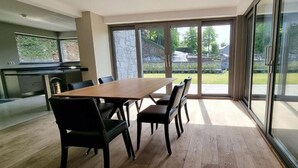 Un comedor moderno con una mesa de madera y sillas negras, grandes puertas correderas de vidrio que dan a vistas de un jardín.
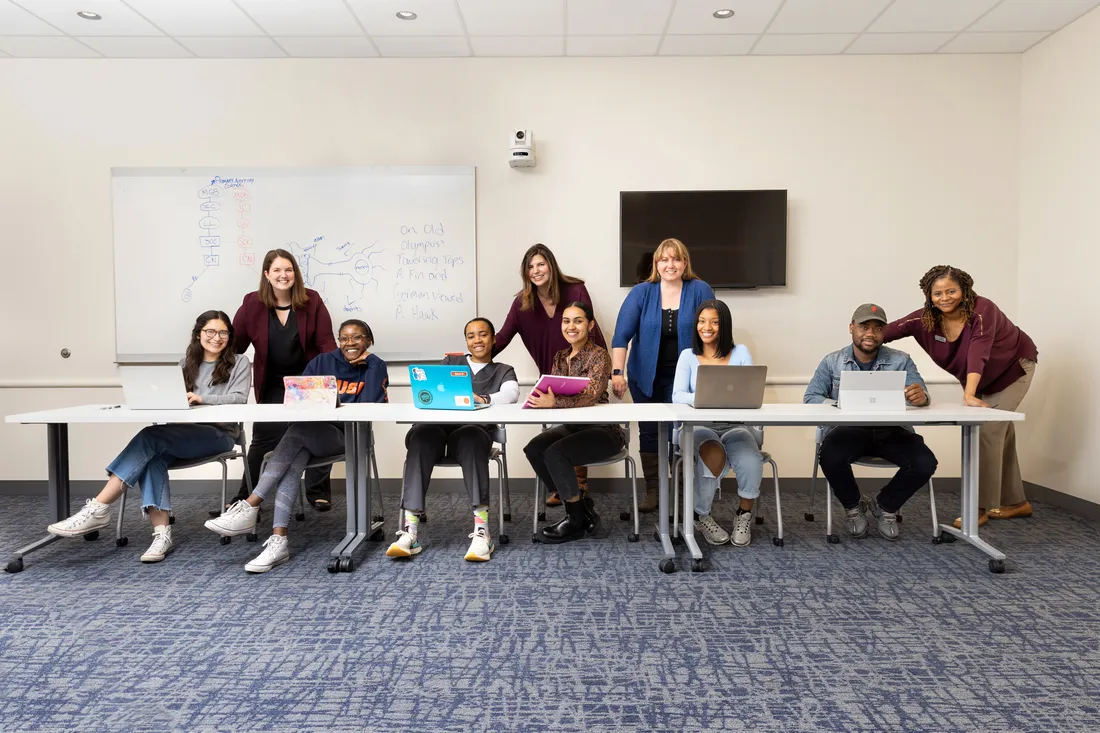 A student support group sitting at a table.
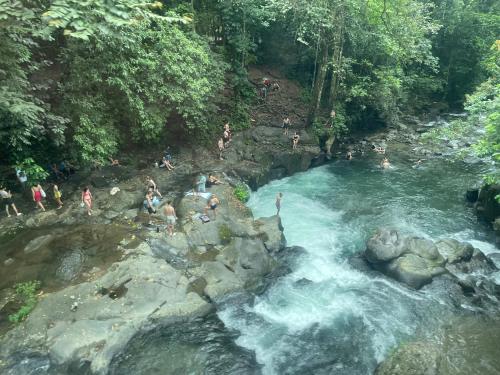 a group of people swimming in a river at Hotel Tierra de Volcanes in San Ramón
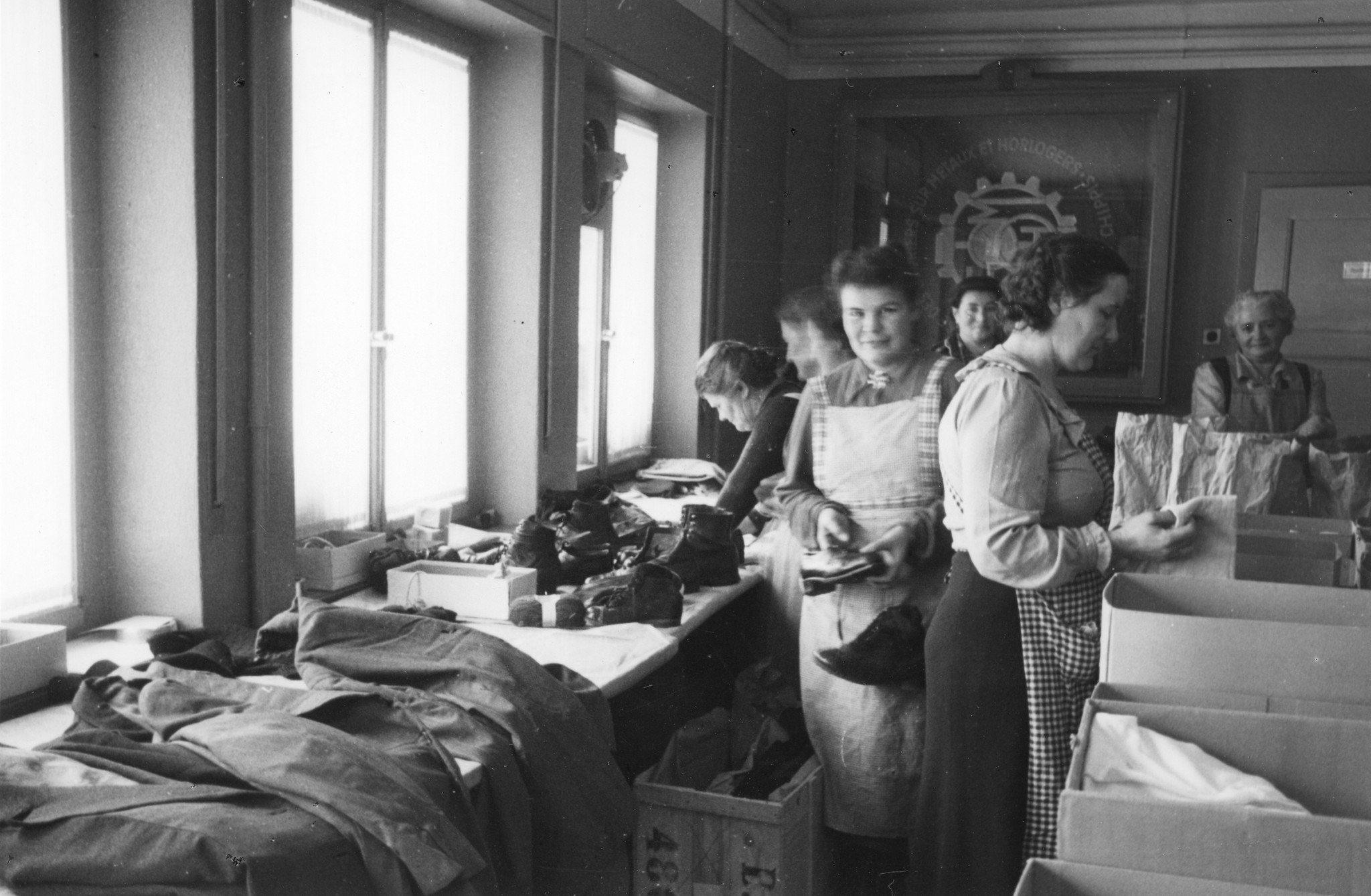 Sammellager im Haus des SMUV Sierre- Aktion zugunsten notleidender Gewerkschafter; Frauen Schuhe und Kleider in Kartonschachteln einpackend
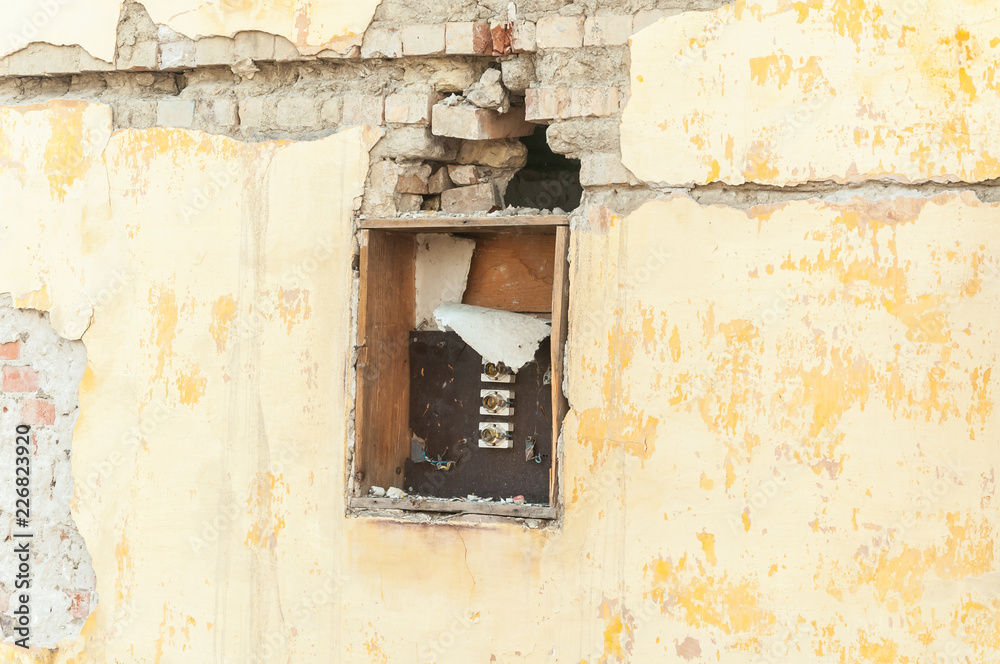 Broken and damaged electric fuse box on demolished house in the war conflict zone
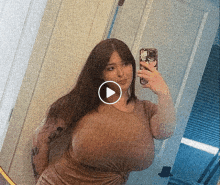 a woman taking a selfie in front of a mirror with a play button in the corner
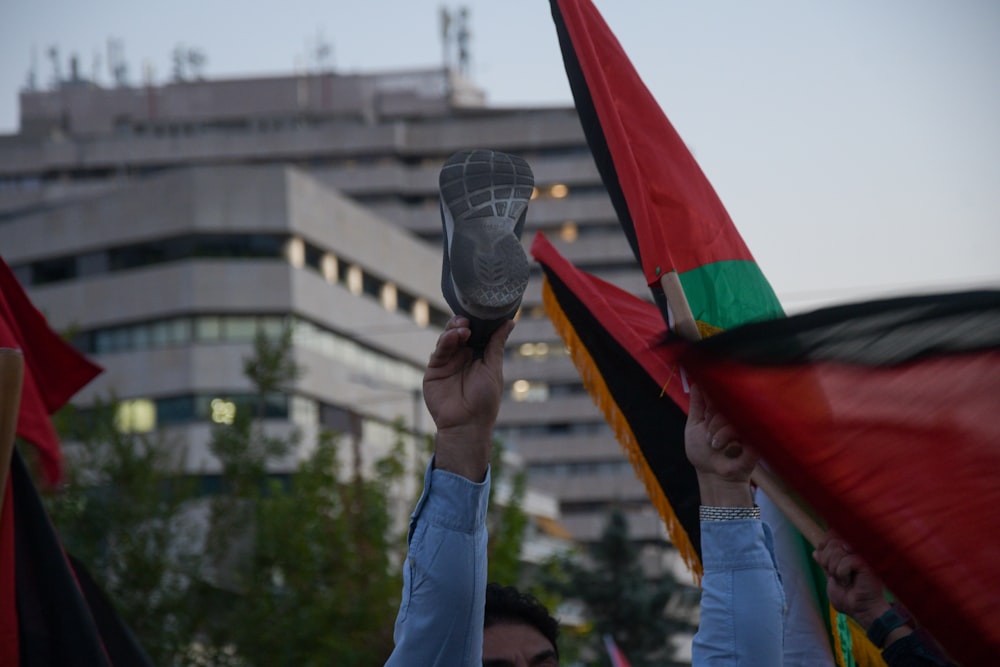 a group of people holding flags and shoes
────────────────────
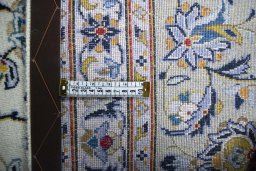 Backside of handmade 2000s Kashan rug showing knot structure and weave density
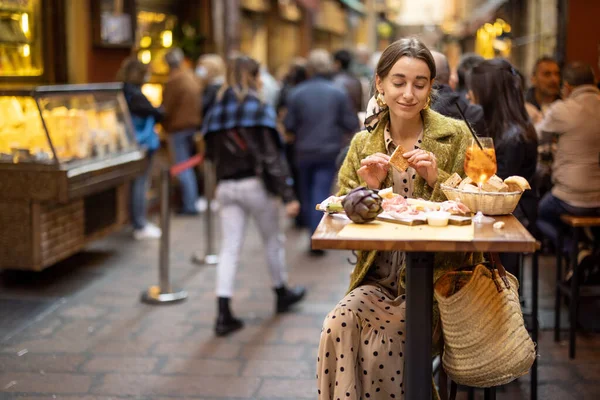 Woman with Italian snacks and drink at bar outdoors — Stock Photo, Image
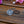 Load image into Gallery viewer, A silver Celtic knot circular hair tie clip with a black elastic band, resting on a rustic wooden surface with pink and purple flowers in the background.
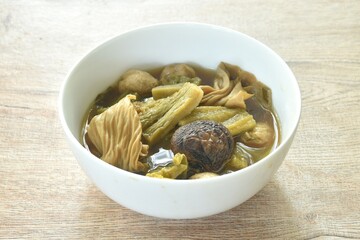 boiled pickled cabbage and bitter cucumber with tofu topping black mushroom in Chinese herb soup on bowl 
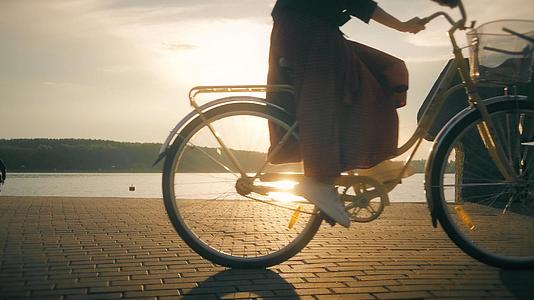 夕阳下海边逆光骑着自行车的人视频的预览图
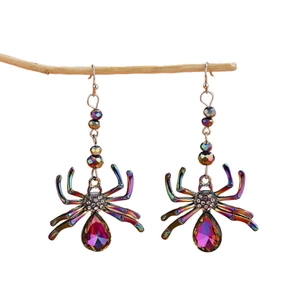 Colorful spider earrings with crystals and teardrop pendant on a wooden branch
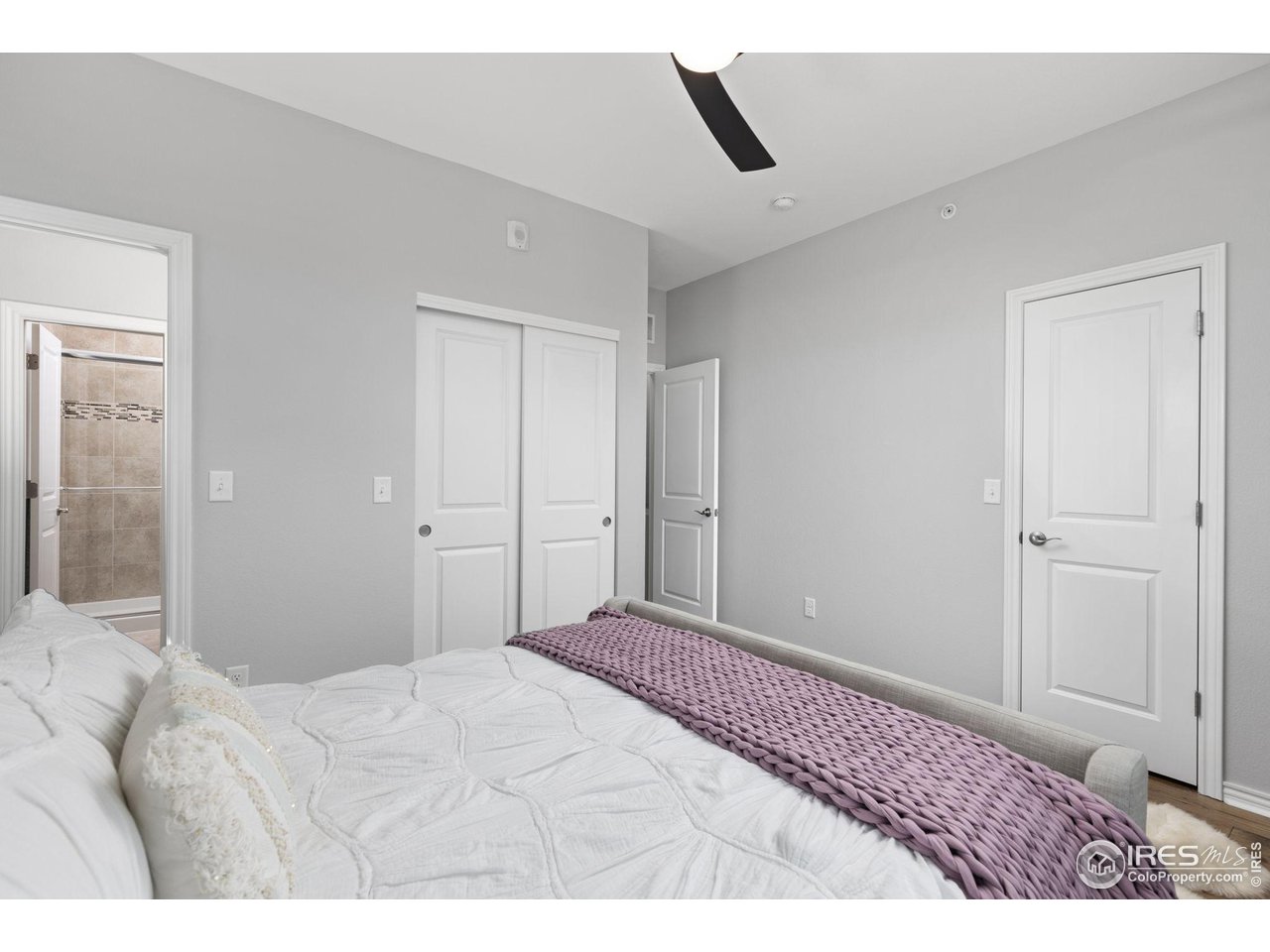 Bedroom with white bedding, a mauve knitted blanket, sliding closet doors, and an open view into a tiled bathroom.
────────────────────
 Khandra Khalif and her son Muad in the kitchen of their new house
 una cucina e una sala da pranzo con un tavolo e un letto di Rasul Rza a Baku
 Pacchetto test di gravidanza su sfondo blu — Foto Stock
────────────────────
Every line from the one with "Backside of handmade" through the one with "Bedroom with white" is to be reproduced exactly as written above, and the pictures are to be dropped.

# [RESPONSE AREA]
 Backside of handmade 2000s Kashan rug showing knot structure and weave density
 Woman with Italian snacks and drink at bar outdoors — Stock Photo, Image
 Load image into Gallery viewer, A silver Celtic knot circular hair tie clip with a black elastic band, resting on a rustic wooden surface with pink and purple flowers in the background.
 boiled pickled cabbage and bitter cucumber with tofu topping black mushroom in Chinese herb soup on bowl 
 夕阳下海边逆光骑着自行车的人视频的预览图
 Colorful spider earrings with crystals and teardrop pendant on a wooden branch
 Bedroom with white bedding, a mauve knitted blanket, sliding closet doors, and an open view into a tiled bathroom.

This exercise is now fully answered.